Task details
In the records below, find the line containing "LACOSTE Damen Handtasche" and restate it and all lines after it exactly, through the last line.

Records shown
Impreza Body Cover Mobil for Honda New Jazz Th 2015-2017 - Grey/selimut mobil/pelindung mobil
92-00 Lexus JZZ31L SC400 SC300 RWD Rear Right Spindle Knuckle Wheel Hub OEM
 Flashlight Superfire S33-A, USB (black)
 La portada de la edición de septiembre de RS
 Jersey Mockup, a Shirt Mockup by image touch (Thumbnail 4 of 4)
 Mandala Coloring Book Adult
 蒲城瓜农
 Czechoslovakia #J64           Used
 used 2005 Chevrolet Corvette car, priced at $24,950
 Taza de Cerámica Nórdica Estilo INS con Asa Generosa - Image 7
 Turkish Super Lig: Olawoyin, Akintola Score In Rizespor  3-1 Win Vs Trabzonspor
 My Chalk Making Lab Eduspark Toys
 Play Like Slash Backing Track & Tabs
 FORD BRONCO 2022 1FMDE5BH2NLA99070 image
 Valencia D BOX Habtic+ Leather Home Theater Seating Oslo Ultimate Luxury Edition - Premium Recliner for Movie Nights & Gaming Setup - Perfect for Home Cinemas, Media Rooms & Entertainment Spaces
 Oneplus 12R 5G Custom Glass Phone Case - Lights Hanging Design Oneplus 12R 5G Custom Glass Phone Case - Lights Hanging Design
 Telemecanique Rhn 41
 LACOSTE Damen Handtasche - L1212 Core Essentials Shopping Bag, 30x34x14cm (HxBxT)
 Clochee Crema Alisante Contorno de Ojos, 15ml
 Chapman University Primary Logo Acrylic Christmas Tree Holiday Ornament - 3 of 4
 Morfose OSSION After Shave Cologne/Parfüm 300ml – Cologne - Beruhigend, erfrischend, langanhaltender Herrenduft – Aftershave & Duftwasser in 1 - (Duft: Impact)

Result of the task
 LACOSTE Damen Handtasche - L1212 Core Essentials Shopping Bag, 30x34x14cm (HxBxT)
 Clochee Crema Alisante Contorno de Ojos, 15ml
 Chapman University Primary Logo Acrylic Christmas Tree Holiday Ornament - 3 of 4
 Morfose OSSION After Shave Cologne/Parfüm 300ml – Cologne - Beruhigend, erfrischend, langanhaltender Herrenduft – Aftershave & Duftwasser in 1 - (Duft: Impact)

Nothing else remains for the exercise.